Power consumption is a major problem for enterprise data centers, impacting the density of servers and the total cost of ownership. This is causing changes in data center configuration and management. Some components already support power management features: for example, server CPUs can use low-power states and dynamic clock and voltage scaling to reduce power consumption significantly during idle periods. Enterprise storage subsystems do not have such advanced power management and consume a significant amount of power in the data center. An enterprise grade disk such as the Seagate Cheetah 15K.4 consumes 12W even when idle whereas a dual-core Intel Xeon processor consumes 24W when idle. Thus, an idle machine with one dual-core processor and two disks already spends as much power on disks as processors. For comparison, the core servers in our building's data center have more than 13 disks per machine on average.
Simply buying fewer disks is usually not an option, since this would reduce peak performance and/or capacity. The alternative is to spin down disks when they are not in use. The traditional view is that idle periods in server workloads are too short for this to be effective. However our analysis of real server workloads show that there is in fact substantial idle time at the storage volume level. We would also expect, and previous work has confirmed, that main-memory caches are effective at absorbing reads but not writes. Thus we would expect at the storage level to see periods where all the traffic is write traffic. Our analysis shows that this is indeed true, and that the request stream is write-dominated for a substantial fraction of time.
This analysis motivated a technique that we call write off-loading, which allows blocks written to one volume to be redirected to other storage elsewhere in the data center. During periods which are write-dominated, the disks are spun down and the writes are redirected, causing some of the volume's blocks to be off-loaded. Blocks are off-loaded temporarily, for a few minutes up to a few hours, and are reclaimed lazily in the background after the home volume's disks are spun up.

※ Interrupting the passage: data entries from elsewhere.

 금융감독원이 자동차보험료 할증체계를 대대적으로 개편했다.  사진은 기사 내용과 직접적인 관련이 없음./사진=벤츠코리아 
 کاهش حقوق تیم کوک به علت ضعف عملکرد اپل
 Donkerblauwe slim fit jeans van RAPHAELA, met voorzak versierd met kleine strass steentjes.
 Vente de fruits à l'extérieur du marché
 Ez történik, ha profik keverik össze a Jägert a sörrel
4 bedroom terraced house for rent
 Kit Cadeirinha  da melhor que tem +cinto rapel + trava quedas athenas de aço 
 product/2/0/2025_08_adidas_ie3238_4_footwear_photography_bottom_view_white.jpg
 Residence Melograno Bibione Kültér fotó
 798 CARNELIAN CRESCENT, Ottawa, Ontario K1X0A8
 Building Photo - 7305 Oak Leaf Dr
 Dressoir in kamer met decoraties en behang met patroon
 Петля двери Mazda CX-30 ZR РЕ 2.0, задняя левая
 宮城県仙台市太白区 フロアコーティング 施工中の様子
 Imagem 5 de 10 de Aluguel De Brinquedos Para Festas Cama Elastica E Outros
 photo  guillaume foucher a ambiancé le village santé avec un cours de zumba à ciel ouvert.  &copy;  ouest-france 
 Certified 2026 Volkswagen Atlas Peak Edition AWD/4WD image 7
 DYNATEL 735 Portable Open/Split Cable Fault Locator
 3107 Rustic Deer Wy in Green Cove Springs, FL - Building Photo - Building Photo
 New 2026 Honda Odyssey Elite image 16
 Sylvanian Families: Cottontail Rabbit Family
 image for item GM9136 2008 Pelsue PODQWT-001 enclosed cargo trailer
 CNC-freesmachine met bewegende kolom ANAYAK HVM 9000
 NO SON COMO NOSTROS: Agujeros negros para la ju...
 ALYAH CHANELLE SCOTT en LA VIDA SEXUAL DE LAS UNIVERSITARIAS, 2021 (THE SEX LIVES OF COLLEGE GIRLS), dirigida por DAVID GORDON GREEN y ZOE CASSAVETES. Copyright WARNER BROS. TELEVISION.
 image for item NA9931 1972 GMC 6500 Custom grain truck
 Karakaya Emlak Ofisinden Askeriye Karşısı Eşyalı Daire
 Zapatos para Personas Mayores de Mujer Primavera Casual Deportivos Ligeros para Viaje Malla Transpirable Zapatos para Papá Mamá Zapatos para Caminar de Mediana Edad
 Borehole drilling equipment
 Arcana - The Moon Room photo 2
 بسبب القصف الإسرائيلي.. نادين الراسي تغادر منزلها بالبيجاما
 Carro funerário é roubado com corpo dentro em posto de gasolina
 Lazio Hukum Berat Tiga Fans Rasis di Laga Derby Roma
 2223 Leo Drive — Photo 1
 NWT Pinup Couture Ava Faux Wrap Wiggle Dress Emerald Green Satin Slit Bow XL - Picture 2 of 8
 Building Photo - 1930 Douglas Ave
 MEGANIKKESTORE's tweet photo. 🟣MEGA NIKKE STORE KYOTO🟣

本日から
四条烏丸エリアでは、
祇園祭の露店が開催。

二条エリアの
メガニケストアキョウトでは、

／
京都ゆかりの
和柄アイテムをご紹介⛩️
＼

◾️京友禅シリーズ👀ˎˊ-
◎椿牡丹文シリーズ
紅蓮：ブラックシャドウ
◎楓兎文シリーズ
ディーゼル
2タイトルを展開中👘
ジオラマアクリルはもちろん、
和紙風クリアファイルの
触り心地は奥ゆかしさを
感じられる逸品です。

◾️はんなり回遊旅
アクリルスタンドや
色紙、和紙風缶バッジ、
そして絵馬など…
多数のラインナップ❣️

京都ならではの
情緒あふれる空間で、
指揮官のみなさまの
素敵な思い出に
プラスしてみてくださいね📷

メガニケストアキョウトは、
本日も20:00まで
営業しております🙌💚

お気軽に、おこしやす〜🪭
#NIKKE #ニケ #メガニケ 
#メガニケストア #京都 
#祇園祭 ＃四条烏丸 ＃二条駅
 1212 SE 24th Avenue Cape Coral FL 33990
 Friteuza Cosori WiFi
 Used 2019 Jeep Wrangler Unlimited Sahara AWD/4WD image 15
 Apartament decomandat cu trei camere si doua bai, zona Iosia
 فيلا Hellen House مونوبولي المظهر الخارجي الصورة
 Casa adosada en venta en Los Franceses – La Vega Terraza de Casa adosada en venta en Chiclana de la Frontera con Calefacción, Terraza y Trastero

Write off-loading modifies the per-volume access patterns, creating idle periods during which all the volume's disks can be spun down. For our traces this causes volumes to be idle for 79 of the time on average. The cost of doing this is that when a read occurs for a non-off-loaded block, it incurs a significant latency while the disks spin up. However, our results show that this occurs rarely.
Write off-loading is implemented at the block level and is transparent to file systems and applications running on the servers. Blocks can be off-loaded from any volume to any available persistent storage in the data center, either on the same machine or on a different one. The storage could be based on disks, NVRAM, or solid-state memory such as flash. Off-loading uses spare capacity and bandwidth on existing volumes and thus does not require provisioning of additional storage. Write off-loading is also applicable to a variety of storage architectures. Our trace analysis and evaluation are based on a Direct Attached Storage (DAS) model, where each server is attached directly to a set of disks, typically configured as one or more RAID arrays. DAS is typical for small data centers such as those serving a single office building. Write off-loading can also be applied to network attached storage (NAS) and storage area networks (SANs).